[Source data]
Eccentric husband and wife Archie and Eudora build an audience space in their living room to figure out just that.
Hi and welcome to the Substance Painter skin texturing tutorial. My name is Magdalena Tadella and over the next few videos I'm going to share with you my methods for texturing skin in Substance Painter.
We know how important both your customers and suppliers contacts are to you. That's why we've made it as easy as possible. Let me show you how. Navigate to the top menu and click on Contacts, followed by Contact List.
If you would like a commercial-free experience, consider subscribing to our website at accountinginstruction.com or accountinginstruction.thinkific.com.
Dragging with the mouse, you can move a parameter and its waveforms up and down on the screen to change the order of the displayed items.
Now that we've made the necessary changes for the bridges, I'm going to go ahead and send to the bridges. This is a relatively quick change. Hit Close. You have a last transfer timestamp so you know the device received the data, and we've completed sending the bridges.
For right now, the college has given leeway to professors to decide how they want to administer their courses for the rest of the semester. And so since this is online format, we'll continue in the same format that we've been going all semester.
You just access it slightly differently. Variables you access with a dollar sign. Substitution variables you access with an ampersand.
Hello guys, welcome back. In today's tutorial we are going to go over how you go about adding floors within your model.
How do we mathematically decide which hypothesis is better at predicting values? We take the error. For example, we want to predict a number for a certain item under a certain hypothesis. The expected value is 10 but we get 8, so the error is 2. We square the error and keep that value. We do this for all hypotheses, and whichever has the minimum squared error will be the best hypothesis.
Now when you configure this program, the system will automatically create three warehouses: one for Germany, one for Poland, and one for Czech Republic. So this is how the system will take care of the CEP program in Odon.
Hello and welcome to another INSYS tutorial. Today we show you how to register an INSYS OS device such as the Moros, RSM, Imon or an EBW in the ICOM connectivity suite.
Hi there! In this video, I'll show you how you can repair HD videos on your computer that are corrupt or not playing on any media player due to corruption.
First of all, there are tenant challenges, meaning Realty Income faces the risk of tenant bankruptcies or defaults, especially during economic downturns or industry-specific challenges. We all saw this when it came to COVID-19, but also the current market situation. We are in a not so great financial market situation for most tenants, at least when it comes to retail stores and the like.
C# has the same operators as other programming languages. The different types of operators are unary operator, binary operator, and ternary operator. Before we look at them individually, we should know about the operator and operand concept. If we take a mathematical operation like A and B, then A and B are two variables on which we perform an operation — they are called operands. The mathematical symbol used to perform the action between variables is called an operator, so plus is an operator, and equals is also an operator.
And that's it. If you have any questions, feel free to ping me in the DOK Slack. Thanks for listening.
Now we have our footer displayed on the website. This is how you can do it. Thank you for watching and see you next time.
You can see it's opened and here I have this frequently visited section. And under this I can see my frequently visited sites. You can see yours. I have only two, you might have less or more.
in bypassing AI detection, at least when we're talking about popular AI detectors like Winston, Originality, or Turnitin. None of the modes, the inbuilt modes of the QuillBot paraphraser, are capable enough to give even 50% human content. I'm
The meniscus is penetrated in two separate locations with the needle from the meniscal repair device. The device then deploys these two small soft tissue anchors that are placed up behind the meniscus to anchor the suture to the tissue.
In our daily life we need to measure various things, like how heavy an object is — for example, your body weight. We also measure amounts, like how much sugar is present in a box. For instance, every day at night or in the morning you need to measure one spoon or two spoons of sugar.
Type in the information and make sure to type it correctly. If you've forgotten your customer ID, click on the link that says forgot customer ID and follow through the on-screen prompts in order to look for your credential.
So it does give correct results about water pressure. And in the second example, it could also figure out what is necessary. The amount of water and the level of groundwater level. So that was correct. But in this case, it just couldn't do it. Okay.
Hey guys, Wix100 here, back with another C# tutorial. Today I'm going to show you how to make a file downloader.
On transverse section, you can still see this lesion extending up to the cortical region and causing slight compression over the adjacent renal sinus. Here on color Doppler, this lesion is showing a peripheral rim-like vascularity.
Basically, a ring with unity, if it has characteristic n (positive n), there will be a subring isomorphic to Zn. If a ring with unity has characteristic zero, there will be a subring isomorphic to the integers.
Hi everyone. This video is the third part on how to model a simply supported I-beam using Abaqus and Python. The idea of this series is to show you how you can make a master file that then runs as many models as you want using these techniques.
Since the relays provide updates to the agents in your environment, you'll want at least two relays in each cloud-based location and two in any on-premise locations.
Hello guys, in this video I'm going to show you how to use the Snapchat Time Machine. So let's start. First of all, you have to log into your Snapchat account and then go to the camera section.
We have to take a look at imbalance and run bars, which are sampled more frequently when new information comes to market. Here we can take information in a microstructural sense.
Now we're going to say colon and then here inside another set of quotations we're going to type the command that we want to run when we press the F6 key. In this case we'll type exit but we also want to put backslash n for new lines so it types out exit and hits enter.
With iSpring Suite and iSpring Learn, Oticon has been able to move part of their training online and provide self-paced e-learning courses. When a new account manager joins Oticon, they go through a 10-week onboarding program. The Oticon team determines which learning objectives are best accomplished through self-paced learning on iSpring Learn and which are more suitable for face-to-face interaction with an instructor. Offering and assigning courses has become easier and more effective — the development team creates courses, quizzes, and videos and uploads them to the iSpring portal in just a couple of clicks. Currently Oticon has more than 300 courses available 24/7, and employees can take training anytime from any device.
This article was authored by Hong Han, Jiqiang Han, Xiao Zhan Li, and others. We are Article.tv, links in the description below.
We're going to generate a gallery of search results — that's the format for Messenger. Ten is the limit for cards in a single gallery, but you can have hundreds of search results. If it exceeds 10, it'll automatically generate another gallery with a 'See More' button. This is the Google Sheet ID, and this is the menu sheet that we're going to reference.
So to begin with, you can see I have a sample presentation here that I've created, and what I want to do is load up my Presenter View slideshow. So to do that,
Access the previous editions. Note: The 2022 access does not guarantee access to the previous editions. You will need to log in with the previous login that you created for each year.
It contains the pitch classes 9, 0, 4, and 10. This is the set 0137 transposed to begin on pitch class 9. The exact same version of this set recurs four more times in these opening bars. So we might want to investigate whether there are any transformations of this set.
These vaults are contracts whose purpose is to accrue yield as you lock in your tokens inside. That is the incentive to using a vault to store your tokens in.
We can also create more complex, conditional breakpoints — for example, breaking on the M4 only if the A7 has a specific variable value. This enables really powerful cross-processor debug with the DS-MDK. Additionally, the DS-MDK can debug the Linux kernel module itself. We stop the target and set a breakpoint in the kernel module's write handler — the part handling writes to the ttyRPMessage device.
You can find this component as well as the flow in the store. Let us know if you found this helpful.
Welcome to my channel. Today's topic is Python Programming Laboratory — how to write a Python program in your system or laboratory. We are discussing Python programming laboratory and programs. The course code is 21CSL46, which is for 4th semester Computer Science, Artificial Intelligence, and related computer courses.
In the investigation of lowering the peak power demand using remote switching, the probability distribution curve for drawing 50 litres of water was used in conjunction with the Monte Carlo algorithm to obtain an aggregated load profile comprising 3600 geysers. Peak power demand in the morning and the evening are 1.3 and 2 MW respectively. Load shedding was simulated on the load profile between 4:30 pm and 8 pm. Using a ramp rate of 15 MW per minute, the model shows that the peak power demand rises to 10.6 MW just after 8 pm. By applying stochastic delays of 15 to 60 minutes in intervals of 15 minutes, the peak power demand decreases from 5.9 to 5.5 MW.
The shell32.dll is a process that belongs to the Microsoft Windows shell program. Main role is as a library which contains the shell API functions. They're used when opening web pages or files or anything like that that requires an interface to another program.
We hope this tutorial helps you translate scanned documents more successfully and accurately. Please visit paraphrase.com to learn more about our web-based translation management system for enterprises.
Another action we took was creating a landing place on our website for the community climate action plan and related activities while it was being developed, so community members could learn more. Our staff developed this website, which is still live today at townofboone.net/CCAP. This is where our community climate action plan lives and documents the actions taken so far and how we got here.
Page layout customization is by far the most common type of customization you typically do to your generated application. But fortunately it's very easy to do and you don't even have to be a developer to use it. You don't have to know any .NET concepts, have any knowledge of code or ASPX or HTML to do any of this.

→ **What you will do**
Leave out every line above except those from the line with "In our daily" up to and including the line with "On transverse section, you", and copy those exactly.

→ **Result**
In our daily life we need to measure various things, like how heavy an object is — for example, your body weight. We also measure amounts, like how much sugar is present in a box. For instance, every day at night or in the morning you need to measure one spoon or two spoons of sugar.
Type in the information and make sure to type it correctly. If you've forgotten your customer ID, click on the link that says forgot customer ID and follow through the on-screen prompts in order to look for your credential.
So it does give correct results about water pressure. And in the second example, it could also figure out what is necessary. The amount of water and the level of groundwater level. So that was correct. But in this case, it just couldn't do it. Okay.
Hey guys, Wix100 here, back with another C# tutorial. Today I'm going to show you how to make a file downloader.
On transverse section, you can still see this lesion extending up to the cortical region and causing slight compression over the adjacent renal sinus. Here on color Doppler, this lesion is showing a peripheral rim-like vascularity.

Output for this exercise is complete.